What is an XML Document?

An XML document consists of three parts, two of which must always be explicitly present (the third is implicit if not provided):

1. The XML declaration: <?xml version="1.0"?>
2. The DOCTYPE declaration (which can be omitted)
3. The document instance (the tag stuff)

The DOCTYPE declaration declares the name of the root element (the "document type") and declares the element types used in the instance. It also contains declarations of any entities used by the document (entities are either string macros or files (technically, abstract storage objects).

Logically the DOCTYPE declaration is a flat list of element type, attribute list, and entity declarations (and notation declarations, but I haven't talked about those). Physically, the declaration can be organized into two parts, one in the document's main file (the "document entity", that is, the file that contains the XML declaration, the DOCTYPE declaration (if there is one), and the root element) and one in an external file.

Because these two parts of the DOCTYPE declaration make up the larger whole, they are both subsets. The one inside the document is the "internal" subset and the one outside the document is the "external" subset.

A typical DOCTYPE declaration looks like this:

<!DOCTYPE foo SYSTEM "myexternalsubset.dtd" [
<!-- This is the internal subset -->
<!ELEMENT foo (#PCDATA) ><!-- Declaration of element type 'foo' --> ]>

The external subset is the file named by the filename following the SYSTEM keyword.

While logically there is no difference between the internal and external subsets, XML defines slightly different rules for how the internal and external subsets must be processed. This reflects common (although misguided, IMNSHO) practice and makes things easier for processors that don't do validation and therefore don't need to process the declarations.

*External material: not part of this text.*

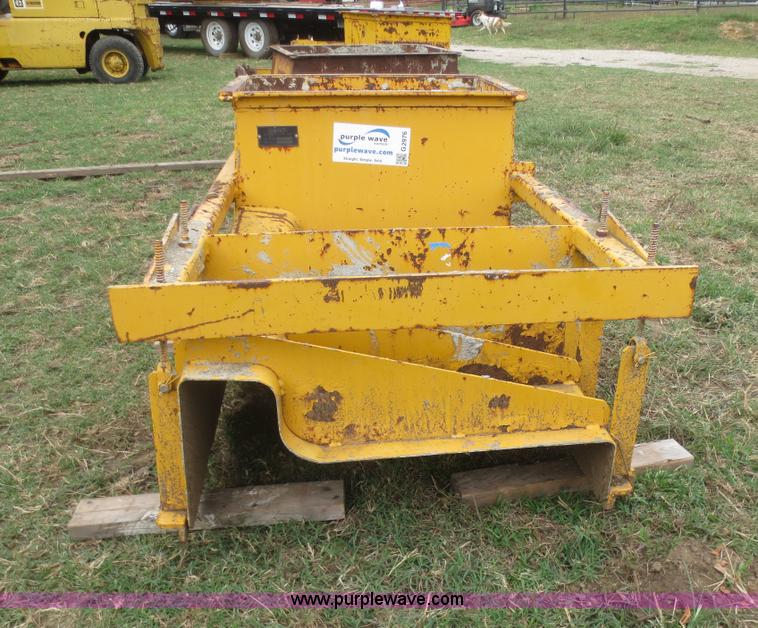 image for item G2976 Gomaco curb mules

One key rule about internal and external subsets is that the internal subset is always parsed *before* the external subset, which means that any entities declared in the internal subset will take precedence over entities with the same name declared in the external subset. This allows a weak form of modularization of declaration sets: external DTD subsets can provide entities that are intended to be redeclared in internal subsets.